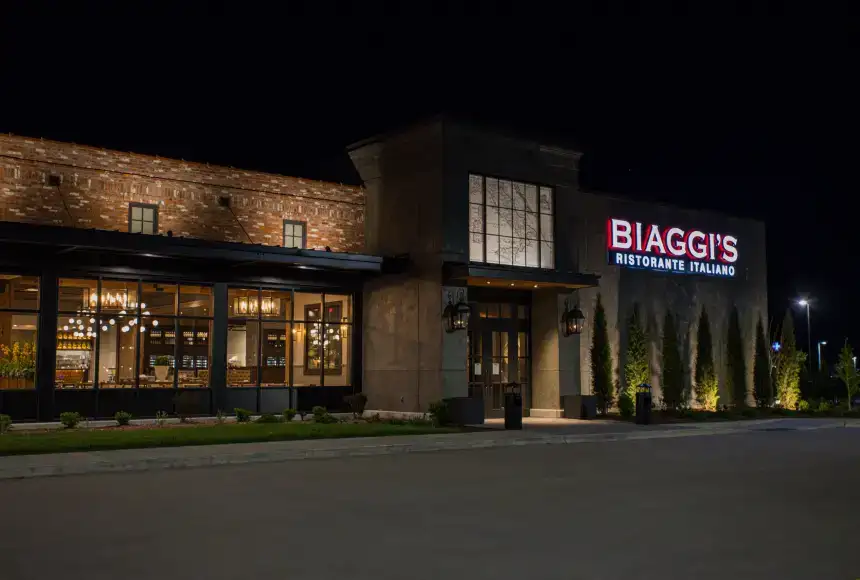 Photo showing Biaggi's Ristorante Italiano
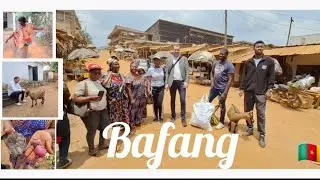 VLOG 45 | Cameroun | Séjour Incroyable au village en famille 😇🇨🇲😇🇨🇵😇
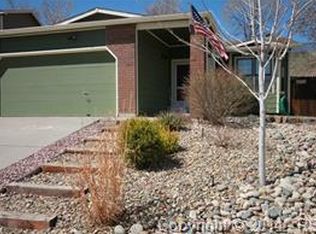 6240 Montarbor Dr, Colorado Springs, CO 80918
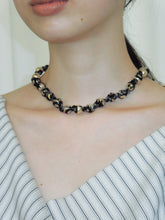 Load image into Gallery viewer, Equinox Lace Choker
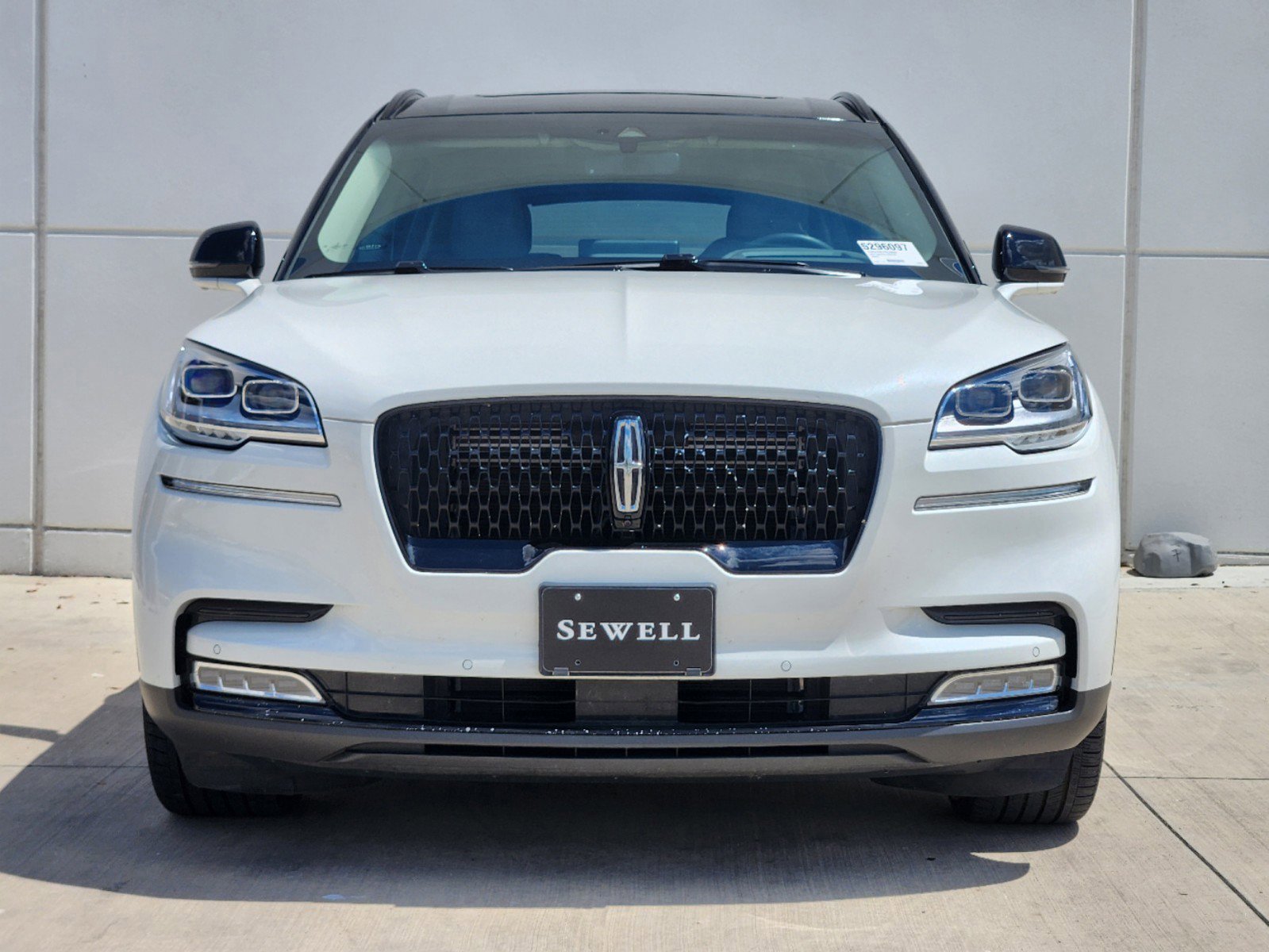 Used 2023 Lincoln Aviator Reserve with VIN 5LM5J7WC7PGL05096 for sale in Plano, TX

----------

[The problem]: Copy the records above exactly. Do not carry any picture into the copy.

[Final answer]:
 Photo showing Biaggi's Ristorante Italiano
 VLOG 45 | Cameroun | Séjour Incroyable au village en famille 😇🇨🇲😇🇨🇵😇
 6240 Montarbor Dr, Colorado Springs, CO 80918
 Load image into Gallery viewer, Equinox Lace Choker
 Used 2023 Lincoln Aviator Reserve with VIN 5LM5J7WC7PGL05096 for sale in Plano, TX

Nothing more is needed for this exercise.